[ExI] Drake Equation Musings
Anders Sandberg
anders at aleph.se
Fri May 20 09:39:36 UTC 2016
My understanding of the story is like this: we start with a spacetime
manifold which is curled up in a complex way, on which various fields
slosh around. One of them undergoes a false vaccum phase transition that
makes some of the directions of the manifold unfold a lot very fast,
producing a big spacetime. However, this unfolding happens differently
in different patches, producing big spacetimes separated from each other
and potentially with different dimensionality or physics (due to local
symmetry breaking of what dimensions unfolded or the values of the
parameters set by the fields).
Note that spacetime expansion is allowed to be arbitrary, but fields on
it can only change with signals moving at the speed of light on the
spacetime. So vacuum decay can only spread at lightspeed in the
surrounding manifold, although the internal spacetime metric of the
decyed region might have turned all weird.

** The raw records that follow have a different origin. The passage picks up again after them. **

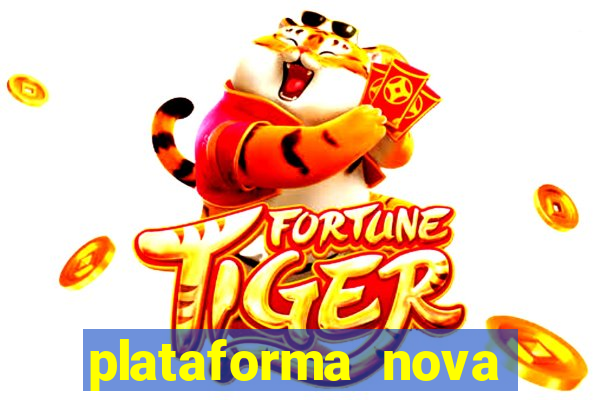 plataforma nova pagando slots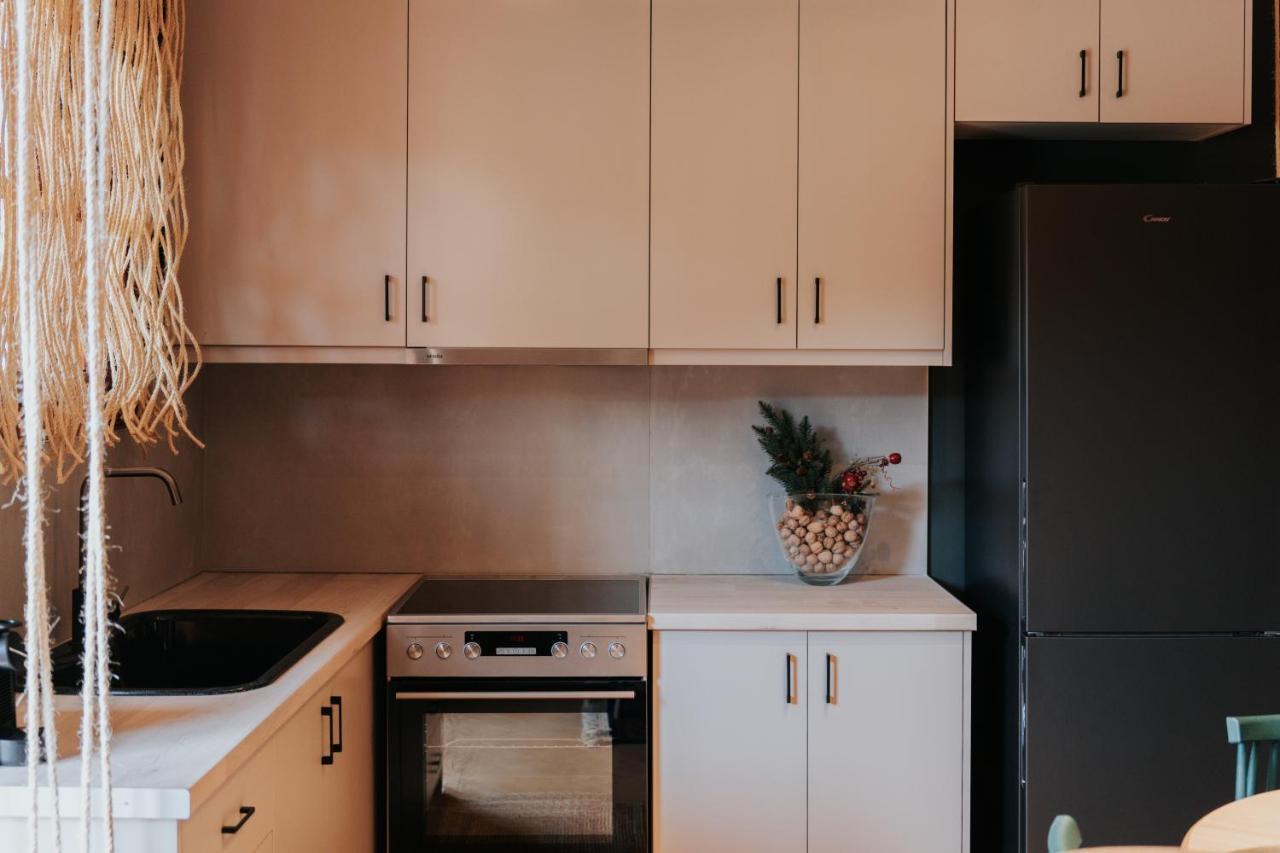 Kalavrita Krinides Apartment And Attics Экстерьер фото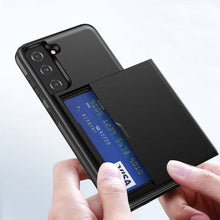 Cargar imagen en el visor de la galería, Rigide Flashy Porte-cartes Case For Samsung Galaxy S21(5G) - Libiyi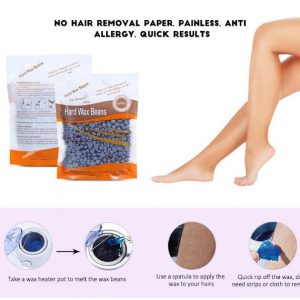Wax Warmer, Hair Removal Waxing Kit with 4 pcs wax beans - Image 6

On 2016-05-19 22:03, Rafal Smigrodzki wrote:
Superluminal? I though all vacuum decay models had it spreading
merely at lightspeed?
### This is one (of many) things I don't quite get: Inflation was
superluminal and occurred after the false vacuum decay that generated
our spacetime, so you would think the change would propagate superluminally.
Now that I think about it, maybe it went like this: vacuum decay
generated new dimensions and inflation occurred in these new dimensions,
not in the parent universe. Linde's eternal inflation does not blow up
the non-inflating domains, it keeps happening between them.